DATE : 04/7/95
PARTIES : CN CCROU
This grievance is in regard to a 45-day suspension against Mr. J.P. Larocque of Winnipeg, Manitoba in respect of an alleged violation of General Operating Instructions Item 5.2(a) and (c), Form 696 on April 15, 1993.
The facts are not in substantial dispute. It appears that on April 15, 1993 the grievorís train crew received two separate hot box indications in the course of their trip on the Sprague Subdivision. The first indication appears to have been communicated to the crew at mile 97. At that point, they stopped their train and inspected the 36th car which was the indicated location of the problem. There appeared to be no irregularity at that point and the trip resumed. A second hot box detector was crossed without any exceptions being noted. Finally, at mile 48, the crew was again advised that their train had an irregularity and that a hot box indication was again triggered in respect of the 36th car.
It is not disputed that at that point, in accordance with the General Operating Instructions, the crew was to stop their train and immediatly inspect the car in question. It also appears to be common ground that, if a problem was detected, they should then set off the balance of their train and proceed with the car at substantially reduced speed to the nearest siding where the bad order car could be set off.
In fact, Conductor Larocque did not stop his train.
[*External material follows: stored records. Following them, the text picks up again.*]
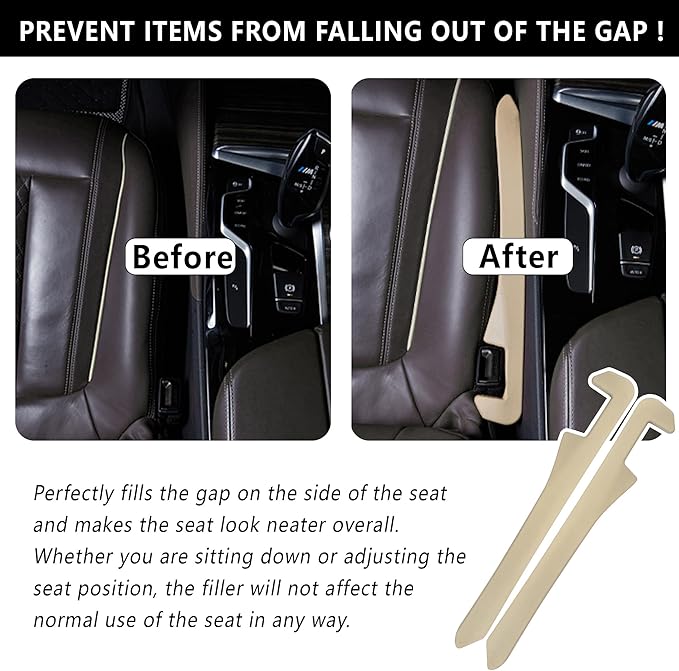 Junecarp Car Seat Gap Filler 2 Pack,Flexible Car Gap Filler Organizer to Impede Items from Dropping,Essential Interior Car Accessories Seat Gap Plug Perfectly Fits Car Gap (Beige)
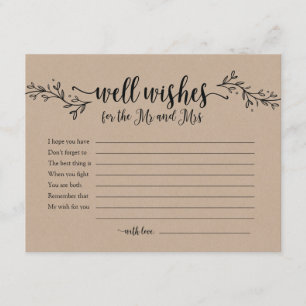 Rustic calligraphy well wishes for Mr and Mrs Invitation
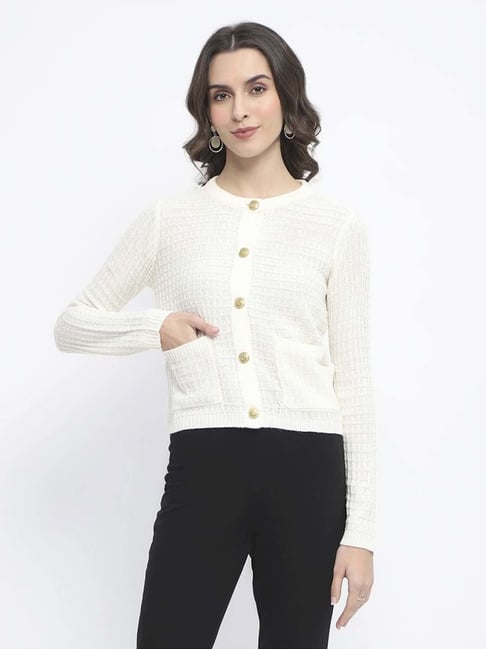 MADAME Off White Textured Sweater-picture-14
Rather, he made the judgement that, as the crew was some three to four miles from the nearest siding, they should continue to that point. As the train proceeded, the engineer noticed smoke and dust from the car in question and stopped the train. However, a derailment of the car had already occured causing substantial damage to the track, the total loss being estimated at some $250,000.
There is no issue as to the fact that the grievor is deserving of discipline.The only real issue is the appropriate form and severity of that discipline. The Union places emphasis on the grievorís long service, having regard to his seniority date of 1979 and the fact that his record was clear at the time. It further stresses that he has not had a prior incident of this kind during the course of his service. The Company. on the other hand, stresses the serious nature of the error committed by Mr. Larocque, and the cardinal rule violation which occured.
I am satisfied, on the whole,that the Company is correct in its view that this was a serious error on the part of the Conductor. This was not an act which can be qualified as inadvertence or necessarily an error of judgement. Given that there had been a prior warning in respect of the very same car, it would, in my view, be fair to characterize what transpired as bordering on recklessness. That said, it does appear to the arbitrator that the assessement of a 45-day suspension for a first offence of this kind is, in the circumstances, extremely heavy. While I agree with the Company that a suspension is appropriate to bring the severity of this action home to the employee in question, and as a deterrent to other employees, I am satisfied that a 30-day suspension would be appropriate in these circumstances.
For all of the foregoing reasons, the grievance is allowed, in part . The arbitrator directs that the grievorís record be amended to show a 30-day suspension and that he be compensated for the balance of any wages and benefits lost.
DATED at Toronto this 4th day of July, 1995.